The facts surrounding the Fisher transaction are somewhat unclear; however, the general outlines may be summarized. Complainants originally requested appellant to locate a large house suitable for use as an income-producing rental property. In due course, appellant showed complainants the Fisher property in Jeannette, Pennsylvania. Complainants evinced a desire to purchase the property if they could obtain a federally financed loan*fn2 to correct the numerous violations of the Jeannette Municipal Code which beset the property. Accordingly, appellant drafted a sales agreement, subject to complainants' ability to secure a suitable mortgage, to obtain a bid for rehabilitation falling below the maximum amount which could be borrowed under the Federal Code Enforcement Program and, of course, subject to their ability to obtain a code enforcement rehabilitation loan.

Appellant succeeded in finding a contractor who entered a bid within the limits allowed. He also helped to arrange a mortgage loan which was approved on October 21, 1971 and was also conditioned on the ability of complainants to obtain a federal rehabilitation loan. At this point, the record becomes somewhat

[ 25 Pa. Commw. Page 479]

    murky. However, it appears that appellant and complainants were given conflicting information concerning the latter's ability to qualify for a federal loan. Complainants apparently believed that it would be futile for them to apply for the loan,*fn3 while appellant, relying on other information, persisted in requesting them to apply. Complainants have not applied for the federal loan.

Complainants were notified of a timely settlement conference planned by the Fishers but, on the advice of counsel, refused to attend. Sometime following the aborted settlement, the Fishers asked appellant to distribute $500 to them from complainants' "hand money" held in an escrow account. This represented one-half the deposited funds which, under the sales agreement, were to be liquidated damages in the event of a breach. Appellant distributed $500 to the Fishers and, per his agreement with them, kept the remaining $500 for himself and so informed complainants.

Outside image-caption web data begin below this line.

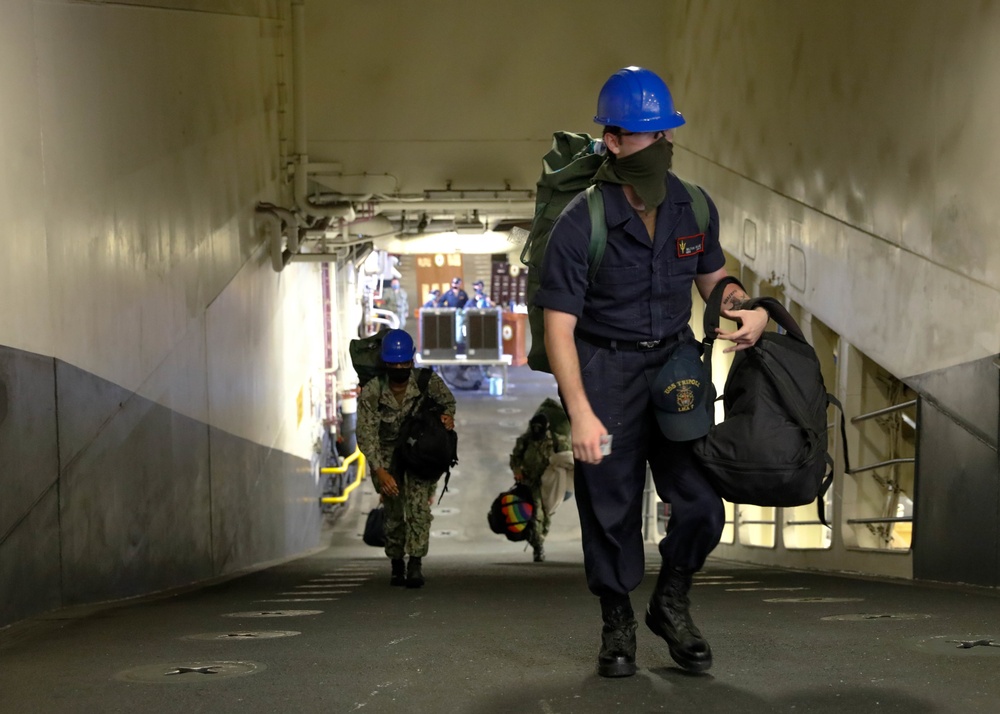 Tripoli Crew move aboard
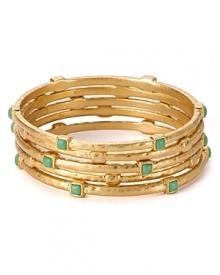 The easiest way to shine on - and the perfect accent to any look. We're wearing this set of hammered gold plated bangles from Lauren Ralph Lauren, stylishly stacked. The easiest way to shine on - and the perfect accent to any look. We're wearing this set of hammered gold plated bangles from Lauren Ralph Lauren, stylishly stacked.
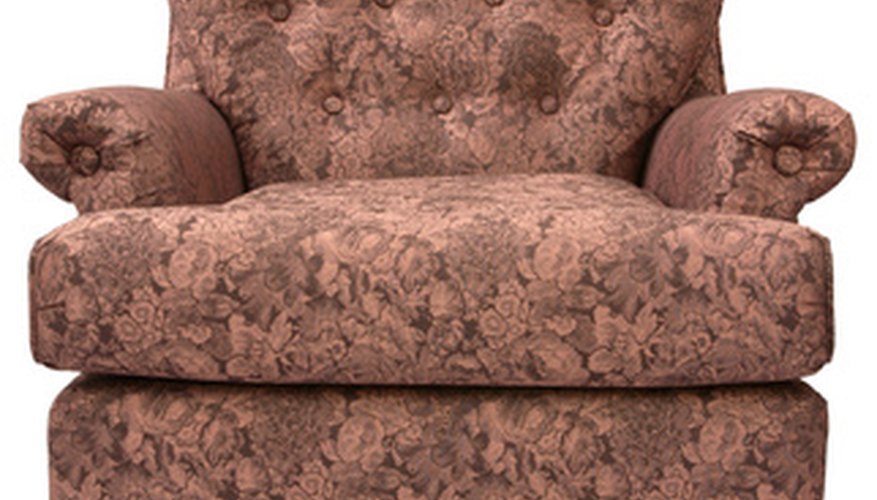 Cover a swivel rocking chair to give it a new look. Cover a swivel rocking chair to give it a new look.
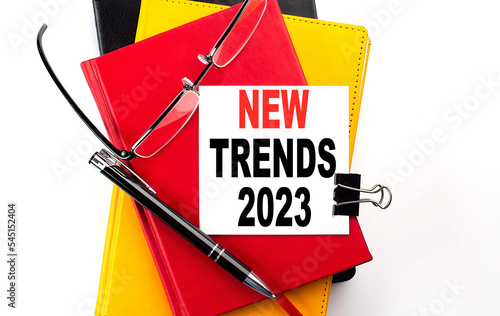 NEW TRENDS 2023 text written on a sticky on colorful notebooks photo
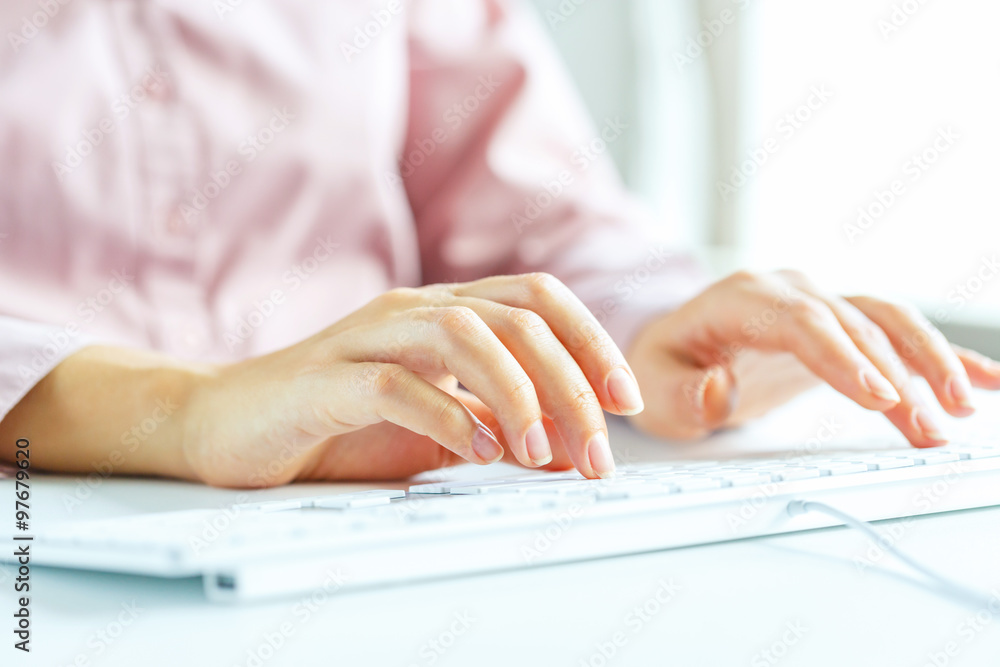 Woman office worker typing on the keyboard Woman office worker typing on the keyboard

The appellant does not contest the fact that he distributed the money. The Commission, however, failed to find whether appellant in good faith believed the failure of complainants to attend the settlement was a breach of contract "terminating" the transaction and triggering the liquidated damages provision of the sales agreement. Without such a finding, the conclusion that appellant violated paragraph (11)(i) cannot stand.

The remaining finding of a violation of paragraph (7) for "any act in connection with a real estate transaction which demonstrates incompetency, bad faith, or dishonesty" likewise cannot stand. The most that is

[ 25 Pa. Commw. Page 480]

    shown from the facts at hand is that a genuine dispute exists as to whether the transaction could have or should have been completed. If complainants had persisted in their application for a federal loan, as appellant requested that they do, it is likely that no dispute would now exist. We will not deprive a broker of his license simply because, in a good faith effort to protect his rights in a legal dispute, he may be found to have misconstrued the law or federal regulations.*fn4 To do so would be to hold a real estate broker to a higher standard of knowledge and care than is generally required of attorneys.*fn5


Now, this 15th day of July, 1976, the order of the State Real Estate Commission suspending the real estate broker's license of James Leroy Leach for a period of 6 months is hereby reversed.